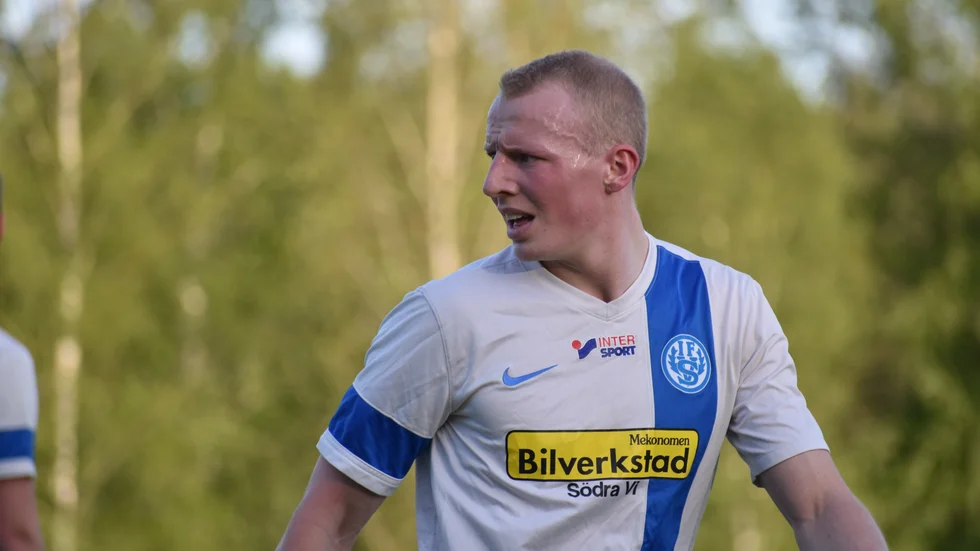 Adrian Mathiasson gjorde ett av Södra Vi IF:s mål i derbyt mot IFK Tuna.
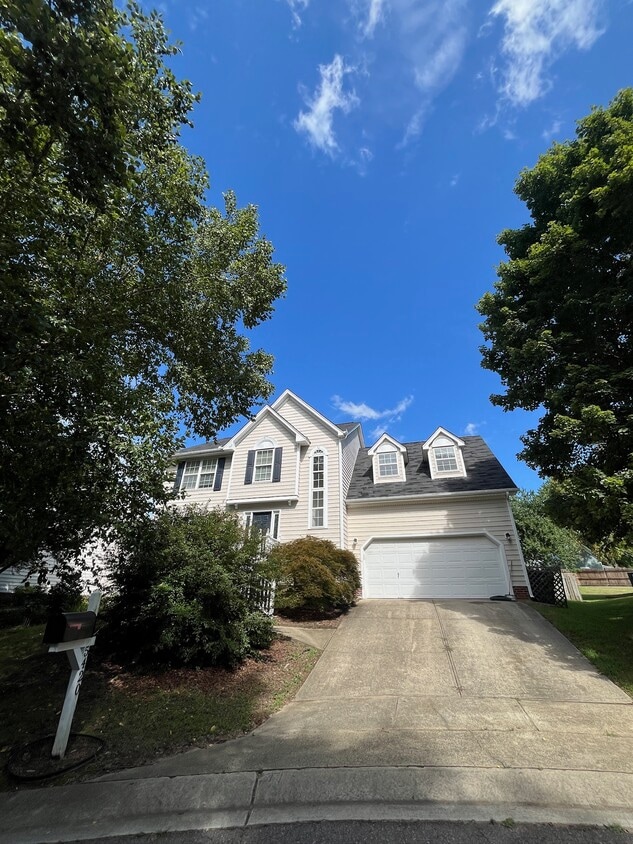 Foto principal - 5420 Phillipsburg Dr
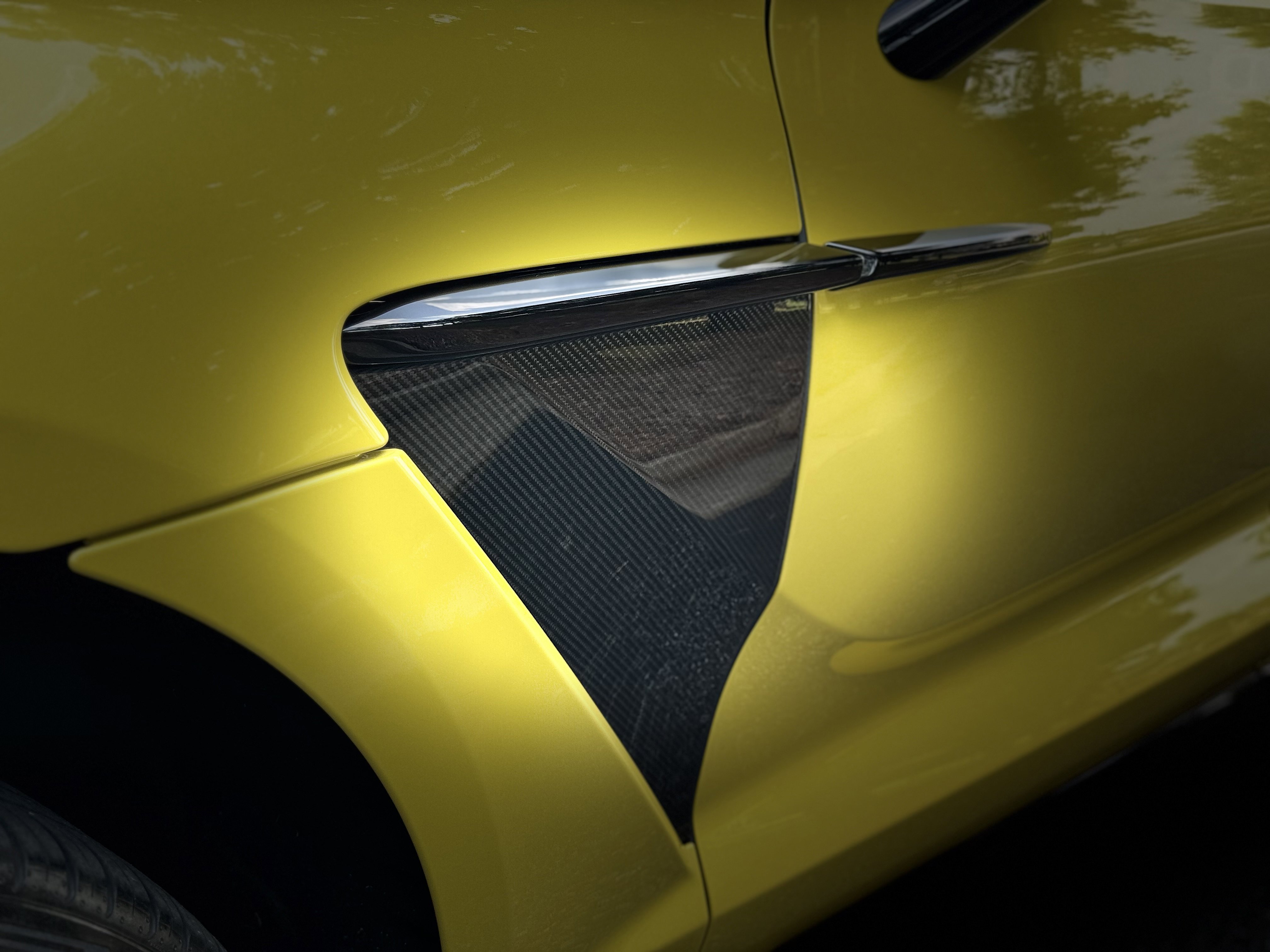 Used 2021 Aston Martin DBX image 35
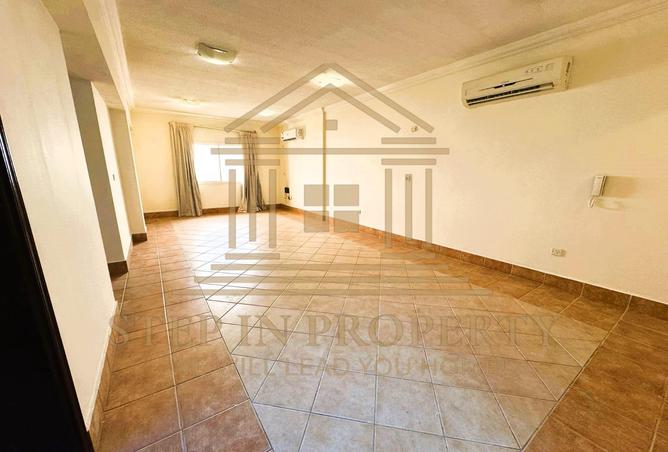 841958 - Property Image 2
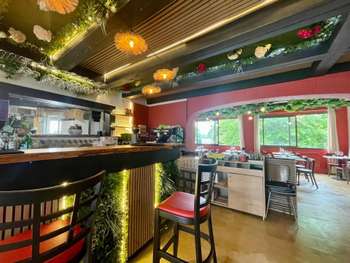 AV murs restaurant occupés en bord de Loire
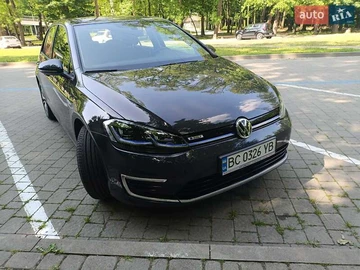 Авто Volkswagen E-Golf 2020 № 8173821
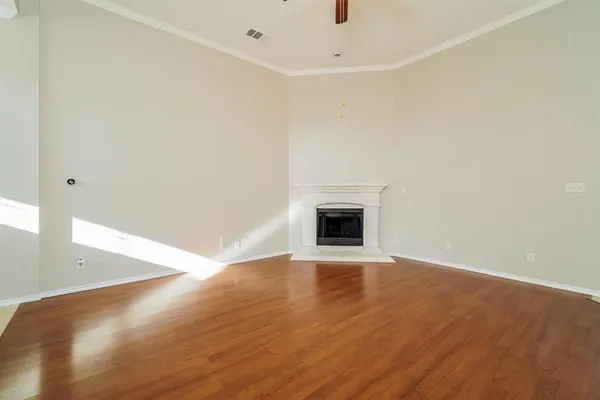 $2,015 | 1104 Hearthstone Drive, Burleson, TX 76028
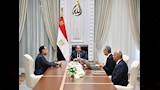 جانب من اجتماع الرئيس عبد الفتاح السيسي (2)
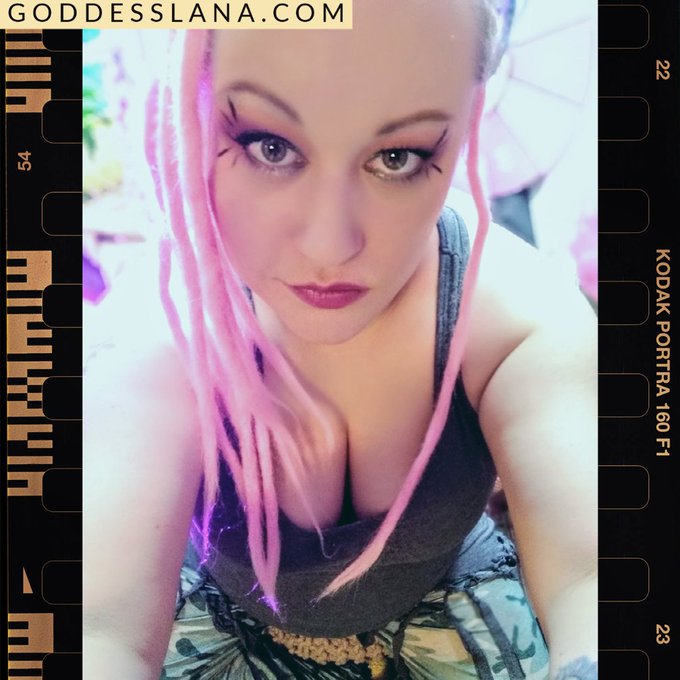 One way or another you will suck a big juicy cock for me! Retweet if I can watch you suck it. Heart Too
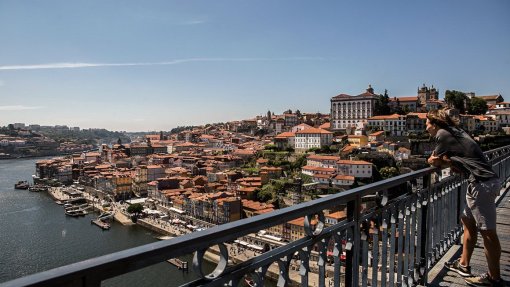 Câmara do Porto vota revisão da Taxa Turística que introduz isenção em caso de despejo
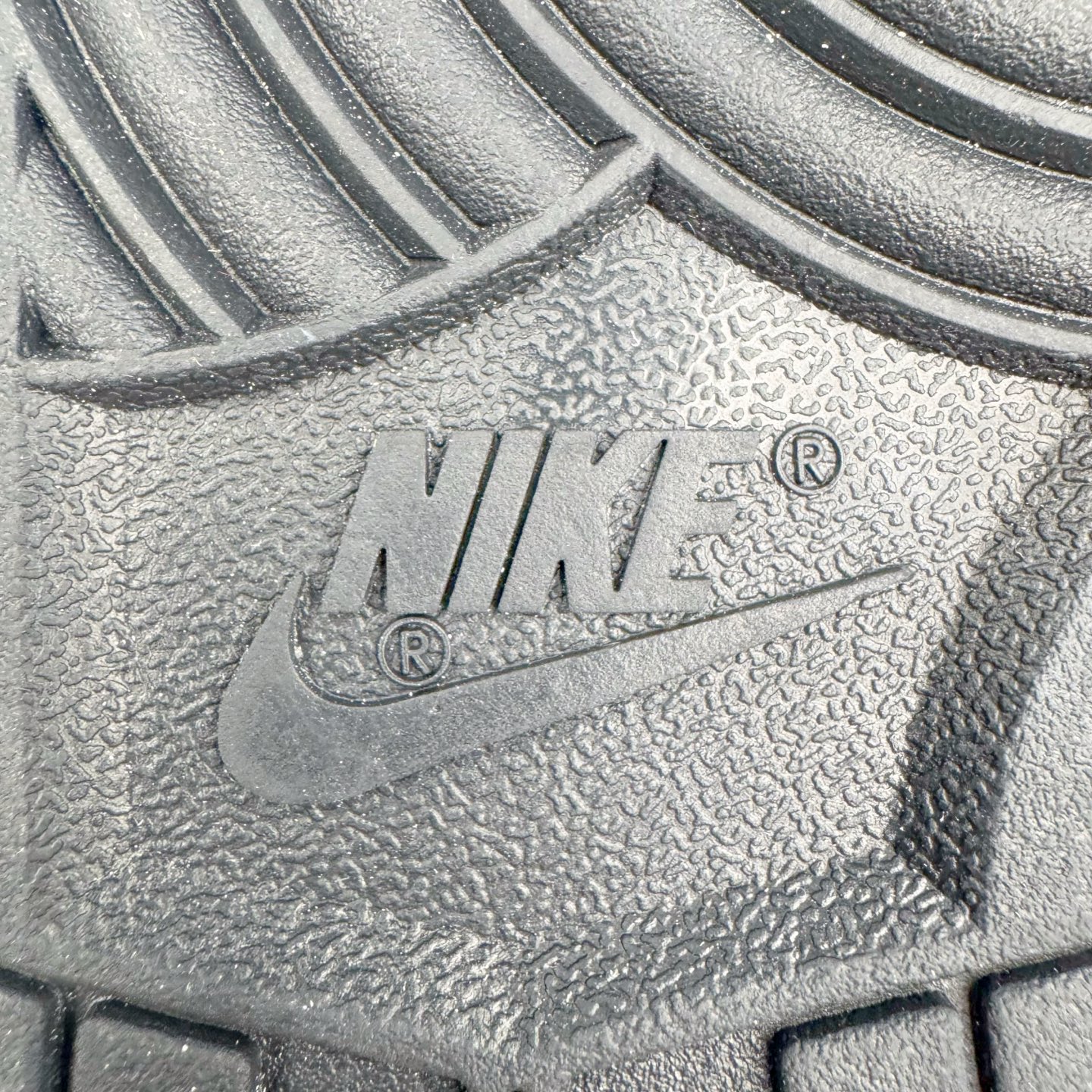 图片[21]-＃YC纯原 NK Dunk Low 云绫墨锦 BW1220-004 当东方水墨魂注入西式经典廓形，米白腰身呼应古典绢帛，泼洒流云暗纹，黑白哲学永不退潮。看似帆布的触感，实则是顶级皮革的逆向操作，成就当代「以皮作布」绝技，纯黑Swoosh如飞白一笔，足跟处匡威式黑线修饰，是跨越时空的默契。定制系列天花板 无原鞋不开发 全系列得物原鞋一比一校对开发 配色持续更新中 终端对接 优势输出 全套原厂楦头原纸板数据档案倾力打造 原汁原味莞产 极致还原 圈内最强针车工艺 高端零售指定版 广东原厂配套原盒原标 鞋盒分三个尺码段 原厂冲刀 超高清洁度 全鞋零毛边皮料切割 采用原厂百宏鞋带以及原厂百宏织唛舌标 内标可供原厂几率过验 进口原装条纹中底布 四线拉帮白色点胶 原厂拉帮手法遵循公司 原厂电绣 极致还原 尺码：36 36.5 37.5 38 38.5 39 40 40.5 41 42 42.5 43 44 44.5 45 46-选品中心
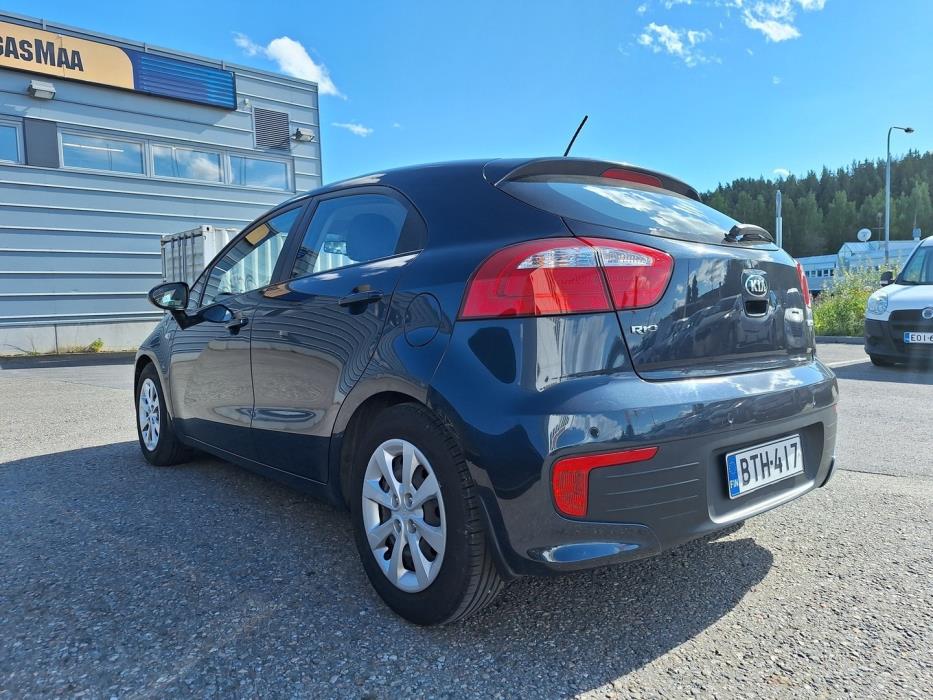 KIA Rio 2015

——————

WHAT YOU SHOULD DO
Start with the line with "841958 - Property Image 2" in the listing above and stop after the line with "Câmara do Porto". Write out exactly the lines in that stretch and no others, without pictures.

TASK OUTPUT
 841958 - Property Image 2
 AV murs restaurant occupés en bord de Loire
 Авто Volkswagen E-Golf 2020 № 8173821
 $2,015 | 1104 Hearthstone Drive, Burleson, TX 76028
 جانب من اجتماع الرئيس عبد الفتاح السيسي (2)
 One way or another you will suck a big juicy cock for me! Retweet if I can watch you suck it. Heart Too
 Câmara do Porto vota revisão da Taxa Turística que introduz isenção em caso de despejo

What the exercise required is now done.